Steve, thanks for your comments.
> The recent change to Pop11, that of making input/output locals be
> implicitly declared as "lvars" goes part of the way towards this.
> And because I believe that this is a highly desirable change, I
> am pleased to see it. Aaron's complaints about the change are, I
> think, not so much about the merit of the change but about the
> migration policy that was adopted
Yes. A (final) summary:
(a) some very old books and teach files will be made out of date, but I
am not so worried about that as I am not sure they are used much -- but
those in the poplog system should have been updated. Fortunately making
input and output variables default to lvars will hardly affect
documentation and libraries I've produced over the last five or six
years as I've been using lvars explicitly anyway;
(b) disallowing a combined dlocal and permanent declaration has no
justification. (I am not convinced by any of the arguments so far
adduced). (Maybe the real justification has something to do with POPC,
though I'll be very surprised if anyone outside Sussex and ISL ever
wraps their brain around POPC.)
(c) allowing a global compile_mode switch rather than introducing new
syntax for the new defaults seems to me to be a recipe for long term
problems as there will be code fragments that people will develop under
different assumptions, and then the attempts to combine them will not
work. (I am not talking about professional software engineers, but
students, harrassed and overworked teachers, non-serious users, etc. But
it could afflict some professionals too: not all of them will remember
to put the appropriate compile_mode declaration in every file, if they
have been using the "global" option.)
I assume the developers could not face replacing all occurrences of
"define... enddefine" with "defun ... enddefun", and replacing
"procedure .... endprocedure" with "lamda ... endlambda", or whatever.

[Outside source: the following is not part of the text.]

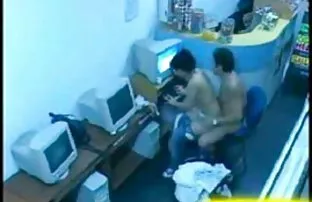 XXX Các người đàn ông uống thuốc, các cô gái, rượu và chế nhạo cô ấy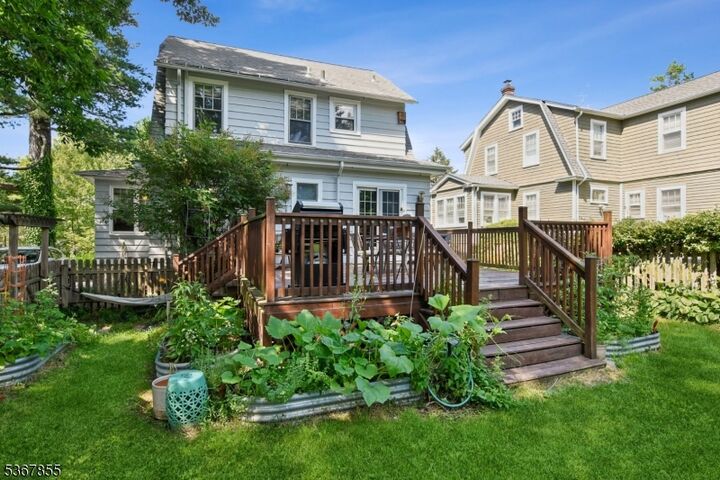 Property Photo:  6 Midland Blvd  NJ 07040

That would have made it easy to write an appendix to the primer on the
new syntax for pop95.
Your idea of a new file suffix for a new subsystem is better than using
the compile_mode declaration, but I still think people will transfer
bits of code and get into unnecessary muddles. If the procedure header
syntax were new, the muddles would not arise. I think that once define
and procedure had new (optional) replacements then "for" and other
things would not need a new syntax: the new semantics could go with the
procedure header, which would normally be visible as a clear reminder.
Anyhow, that's water under the bridge now.
> ....
> The missing category of contant-lexical
> variables is sorely missed in Pop11. (N.B. lconstant is
> an entirely different concept, despite the name.)
yes. Something like "lprotect" ?
Also I seem to recall, from discussions with Rob Duncan about 6 or seven
years ago that we decided there was a need for a type 4 lexical, for
optimising things like ML. But I can't now remember what that was.
Perhaps he does. Maybe something between type 2 and type 3.
> ...
> All these suggestions need justifying and I don't propose to
> do that here since the arguments are extensive. However, all these
> ideas are present in Pepper and this is a demonstration of how
> they all play together marvellously to create a simpler language
> that is (in my view) easier, safer and more natural to program
> with.
Maybe that's where the future of Pop-11 lies, not in Poplog perhaps, but
as a stand-alone, single language system. When will others have access
to it? I assume HP would not wish to turn it into a product?